There is no friction between any surfaces mass is known. Find acceleration of the blocks.

Homework Equations

F=ma

The Attempt at a Solution

I'm almost certian
Amx=g sin θ
AMy=0

 

[person123]

Hmm.... Why wouldn't the acceleration in the x direction be affected by the mass of the objects?

 

[TSny]

Amx=g sin θ
AMy=0

Yes, these look correct.

Most of your work looks OK to me.

The part x-ed out in red is incorrect, but it doesn't look like you used that part.

Look at your final equation circled in blue. Can you see a substitution that you can make for $N_m$ in this equation that would allow you to solve for the acceleration of the wedge, $a_{Mx}$?

One of the key equations for this problem is the constraint $a_{my} = -a_{Mx} \sin \theta$ (boxed in green). But I don't see where you showed how you obtained this.

 

[haruspex]

Amx=g sin θ

That would be true if the wedge were fixed. But imagine if the wedge were not only frictionless but extremely light.
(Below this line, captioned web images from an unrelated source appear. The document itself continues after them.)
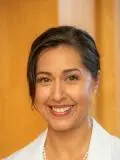 Image of Melissa Smith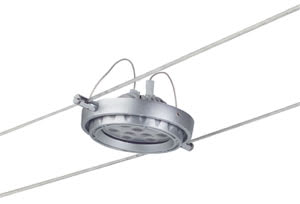 Search results for 97476 Paulmann Lighting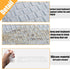 co2CREA Soft Skin Cover Compatible with Logitech MX Mechanical Wireless Illuminated Performance Keyboard by co2CREA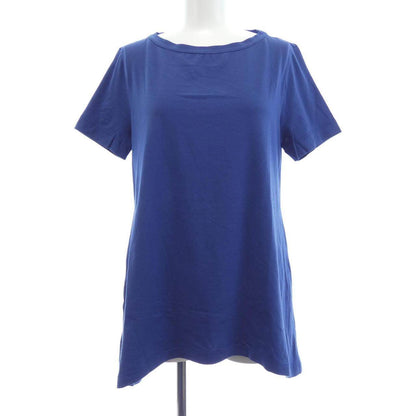 ブルネロクチネリ Tシャツ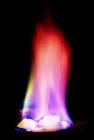 Salty Wastewater from Oil and Gas Production Made into Economical Potable Water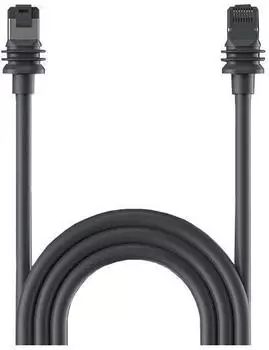 Starlink Standard Kit V4 Ersatzkabel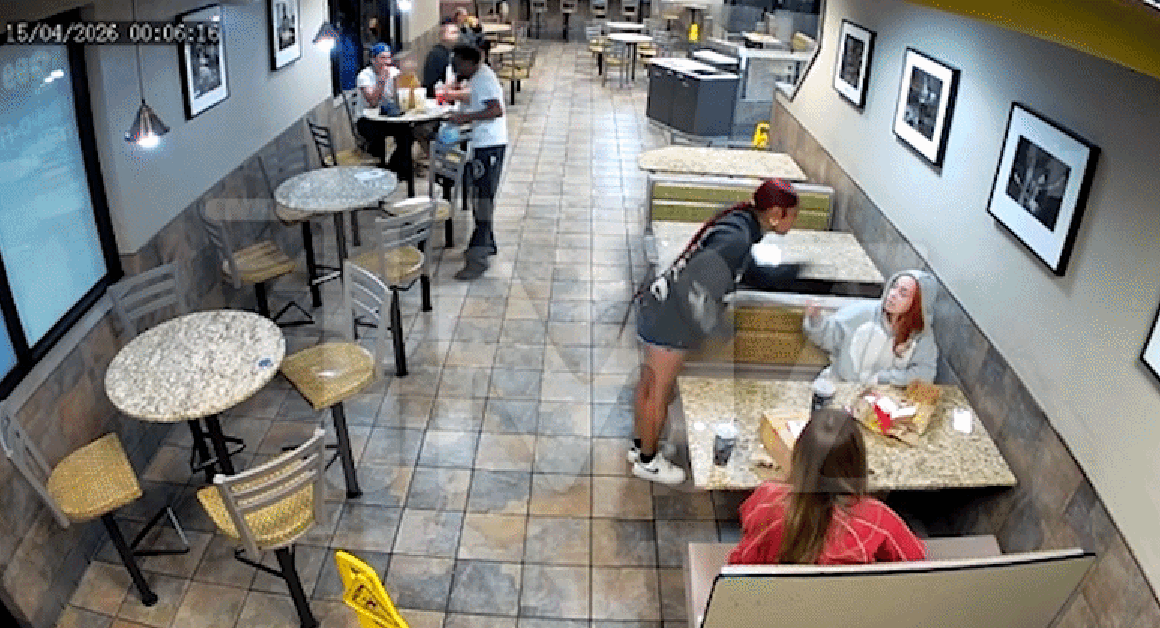 NỮ CA KHÍ TOÀN TẤN VỀ VỤ VIỆC, ĐÃ BÁO CÁO CỚ A CẢNH SÁT!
The block would be almost in free fall.

 

[TSny]

That would be true if the wedge were fixed. But imagine if the wedge were not only frictionless but extremely light. The block would be almost in free fall.

For the block, the x direction is parallel to the incline. So, free fall acceleration would have an x-component of magnitude g sinθ.

 

[haruspex]

For the block, the x direction is parallel to the incline. So, free fall acceleration would have an x-component of magnitude g sinθ.

I had not picked up that x was defined as parallel to the slope.

 

[phinds]

I had not picked up that x was defined as parallel to the slope.

Nor had I, especially since x is specifically drawn in his solution diagram as being the normal horizontal axis

 

[TSny]

The OP's diagram does show the axes for the block, but they don't stand out. (Waldo axes)
But the x-axis is drawn up the slope, so a_mx would be negative in this case.